The opening sequence for A Craftsman’s Legacy. Look for me at around 38 seconds at the intaglio press with host Eric Gorges.

The biggest news would have to be that the television show, A Craftsmans’s Legacy, has started showing across the country. I will be the subject of episode 11 “The Bookmaker” so check your local or regional PBS television network listings as each affiliate creates their own programing schedule. The show is still being picked up across the country for the new fall season and if you happen to be near Palais des Festivals, Cannes, France next month APT Worldwide, the international sales arm of distributor American Public Television, will feature the series at the upcoming MIPCOM so there’s a chance it could be picked up for international viewing.

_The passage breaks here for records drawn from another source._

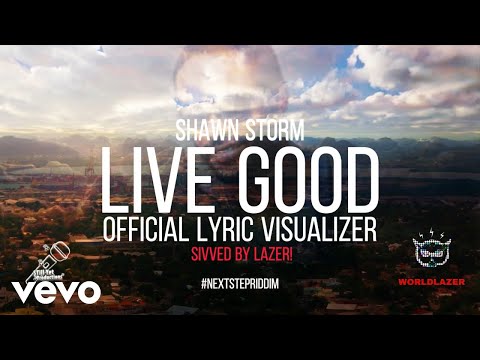 Shawn Storm - Live Good (Official Lyric Video)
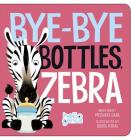 Bye-Bye Bottles, Zebra (Hello Genius) By Michael Dahl, Oriol Vidal (Illustrator) Cover Image
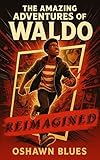 waldo  The Amazing Adventures of Waldo: Reimagined (English Edition)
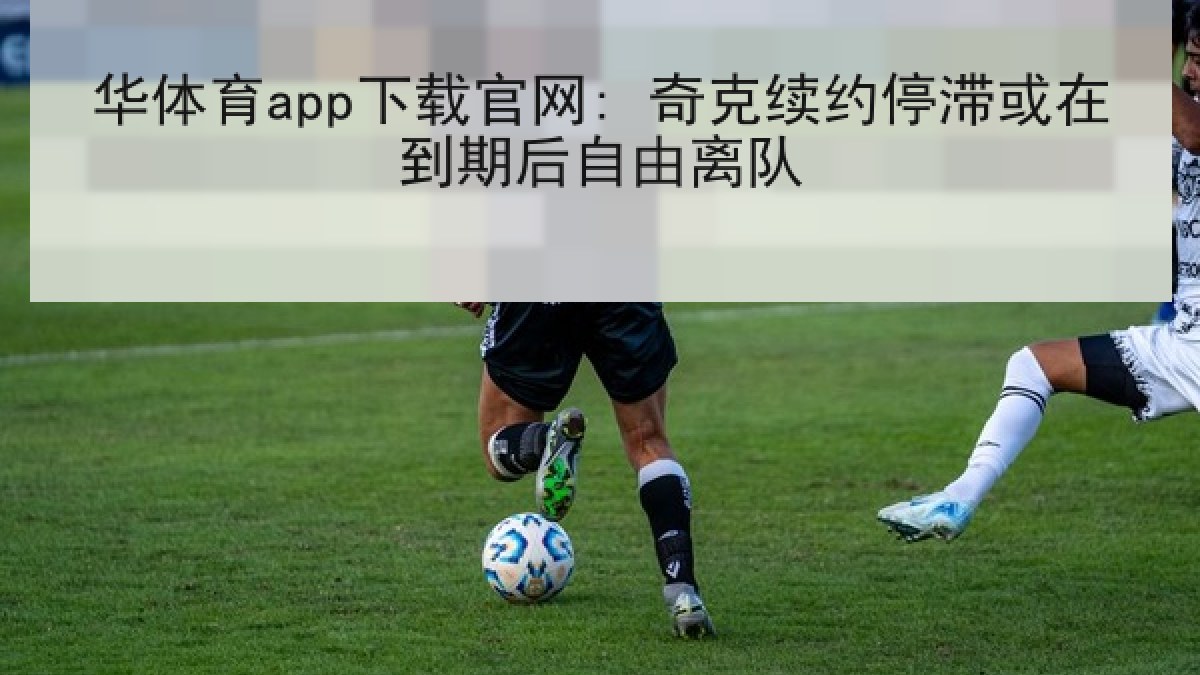 华体育app下载官网: 奇克续约停滞或在到期后自由离队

I’m happy to report that most all of the binding projects are finishing up – all of the edition binding work for The Mad Angler Poems and The Intruder are complete and many of the quite late presentation bindings and deluxe copies of the books are done. All this in preparation for Oak Knoll Bookfest coming up in less than a month on October 3rd-5th in Newcastle, DE as well as CODEX International Book Fair & Symposium coming up next February 8th-11th in Berkeley, CA. I’ve just returned from a long weekend in Ann Arbor, MI for the 12th annual Kerrytown BookFest which was lovely as usual. A special treat was being on a speaking panel with Ken Mikolowski who founded the Alternative Press in Detroit in the 1960s.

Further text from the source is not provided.